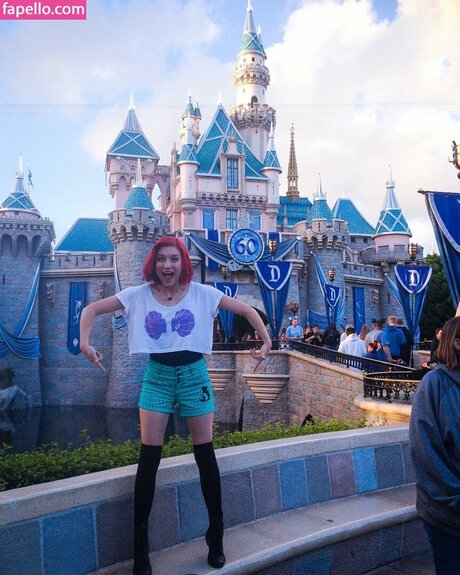 Brizzy Voices nudes model archive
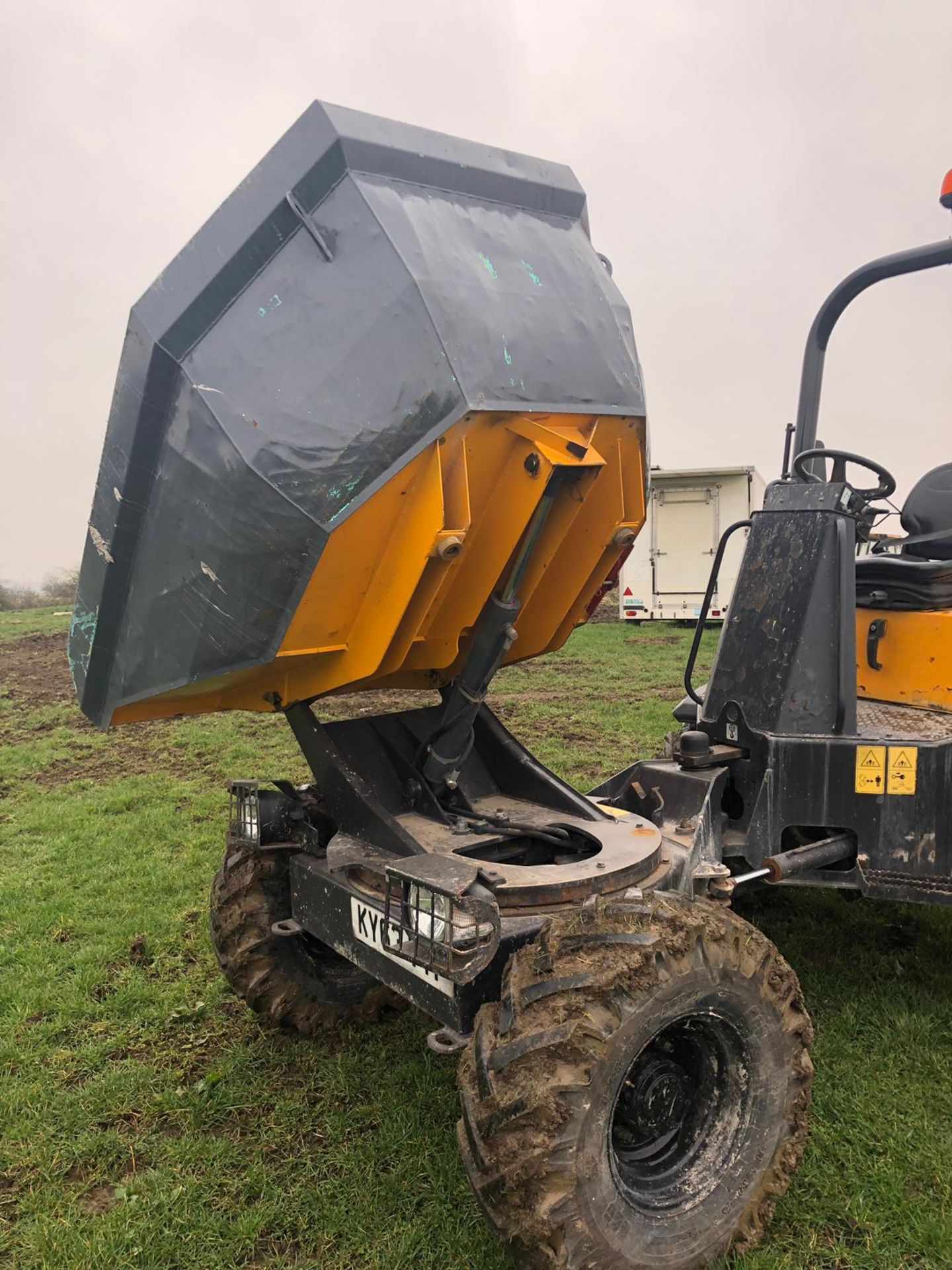 2013/63 REG TEREX TA3SH 3 TONNE SWIVEL DUMPER, HYDRO-STATIC DRIVE, RUNS DRIVES AND TIPS *PLUS VAT* - Image 5 of 11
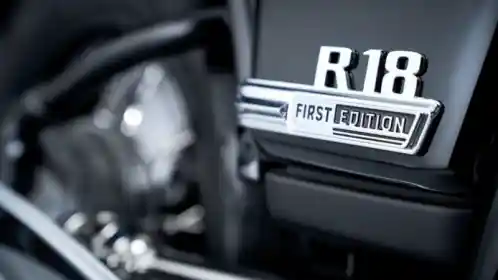 harga bmw r18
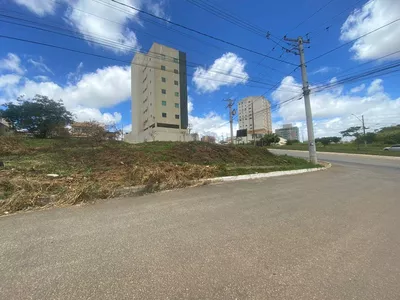 Terreno de Esquina no Bairro Candeias, Av. Luiz Eduardo, próximo a Fainor, Vitória da Conquista - - Foto 3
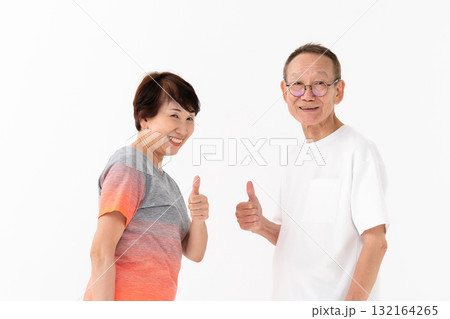シニア　夫婦　フィットネス　サムズアップ 132164265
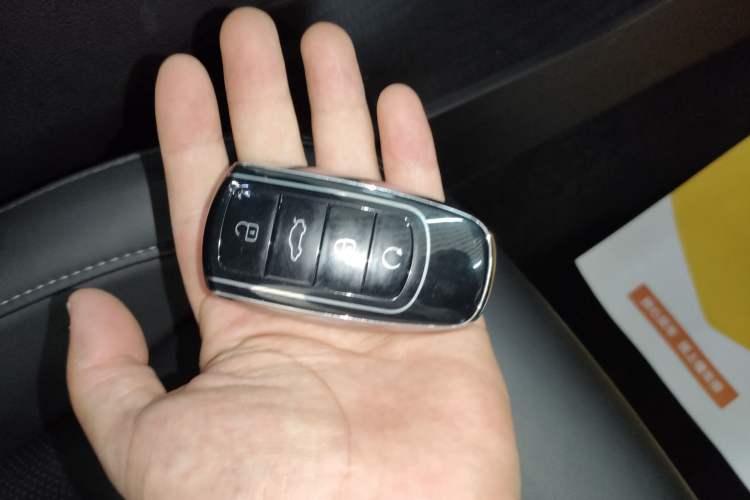 Used Chery Tiggo 8 PRO 2024 Champion Edition 290T Two-Wheel Drive Shining Version 5 Seats Vehicle Key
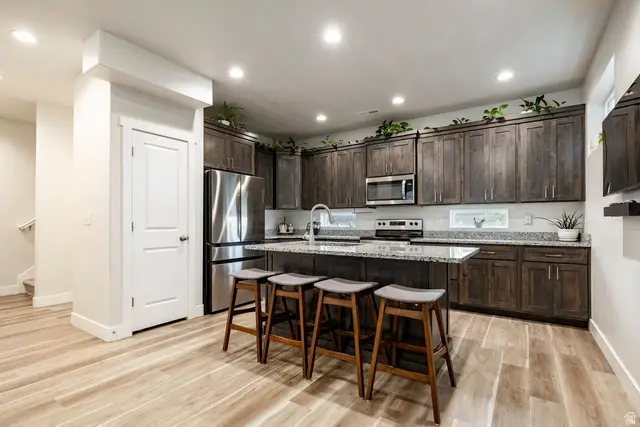668 S 400 E, Clearfield, UT 84015 - #3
----
**Activity:** Where pictures appear, skip them and transcribe all other material word for word.

**Answer box:**
 Brizzy Voices nudes model archive
 2013/63 REG TEREX TA3SH 3 TONNE SWIVEL DUMPER, HYDRO-STATIC DRIVE, RUNS DRIVES AND TIPS *PLUS VAT* - Image 5 of 11
 harga bmw r18
 Terreno de Esquina no Bairro Candeias, Av. Luiz Eduardo, próximo a Fainor, Vitória da Conquista - - Foto 3
シニア　夫婦　フィットネス　サムズアップ 132164265
 Used Chery Tiggo 8 PRO 2024 Champion Edition 290T Two-Wheel Drive Shining Version 5 Seats Vehicle Key
668 S 400 E, Clearfield, UT 84015 - #3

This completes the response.